[Given records Boundary: Start]

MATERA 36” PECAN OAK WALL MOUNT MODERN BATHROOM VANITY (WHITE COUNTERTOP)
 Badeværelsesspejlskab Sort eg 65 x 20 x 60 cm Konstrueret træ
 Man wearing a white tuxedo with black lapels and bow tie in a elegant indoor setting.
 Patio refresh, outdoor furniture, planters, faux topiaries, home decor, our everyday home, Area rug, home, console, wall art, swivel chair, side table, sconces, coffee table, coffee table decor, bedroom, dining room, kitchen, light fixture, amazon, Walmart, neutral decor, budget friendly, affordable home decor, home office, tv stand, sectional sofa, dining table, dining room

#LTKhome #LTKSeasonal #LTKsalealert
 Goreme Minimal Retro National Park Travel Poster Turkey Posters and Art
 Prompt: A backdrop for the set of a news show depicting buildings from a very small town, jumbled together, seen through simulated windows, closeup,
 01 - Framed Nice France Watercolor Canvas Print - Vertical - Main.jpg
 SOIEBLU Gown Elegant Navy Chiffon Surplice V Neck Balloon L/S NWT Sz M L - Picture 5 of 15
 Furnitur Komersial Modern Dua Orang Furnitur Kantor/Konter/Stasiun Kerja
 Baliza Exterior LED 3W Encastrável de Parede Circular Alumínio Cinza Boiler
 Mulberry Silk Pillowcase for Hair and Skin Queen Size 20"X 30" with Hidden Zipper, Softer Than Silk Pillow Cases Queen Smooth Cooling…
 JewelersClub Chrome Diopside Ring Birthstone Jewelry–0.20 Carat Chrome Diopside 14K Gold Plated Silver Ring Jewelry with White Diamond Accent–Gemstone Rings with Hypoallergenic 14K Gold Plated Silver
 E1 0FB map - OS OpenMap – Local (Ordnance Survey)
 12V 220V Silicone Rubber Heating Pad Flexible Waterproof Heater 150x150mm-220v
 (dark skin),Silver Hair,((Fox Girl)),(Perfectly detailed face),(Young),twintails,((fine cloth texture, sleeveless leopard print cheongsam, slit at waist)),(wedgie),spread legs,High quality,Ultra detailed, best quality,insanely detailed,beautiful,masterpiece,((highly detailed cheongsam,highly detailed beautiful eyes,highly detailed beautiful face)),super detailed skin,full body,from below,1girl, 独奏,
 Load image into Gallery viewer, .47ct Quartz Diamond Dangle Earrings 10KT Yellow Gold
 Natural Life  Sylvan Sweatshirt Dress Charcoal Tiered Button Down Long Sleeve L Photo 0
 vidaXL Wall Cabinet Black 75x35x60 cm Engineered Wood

[Given records Boundary: End]

▶ Your instructions
Copy out each line in the preceding records that contains "Gold".

▶ Output
 JewelersClub Chrome Diopside Ring Birthstone Jewelry–0.20 Carat Chrome Diopside 14K Gold Plated Silver Ring Jewelry with White Diamond Accent–Gemstone Rings with Hypoallergenic 14K Gold Plated Silver
 Load image into Gallery viewer, .47ct Quartz Diamond Dangle Earrings 10KT Yellow Gold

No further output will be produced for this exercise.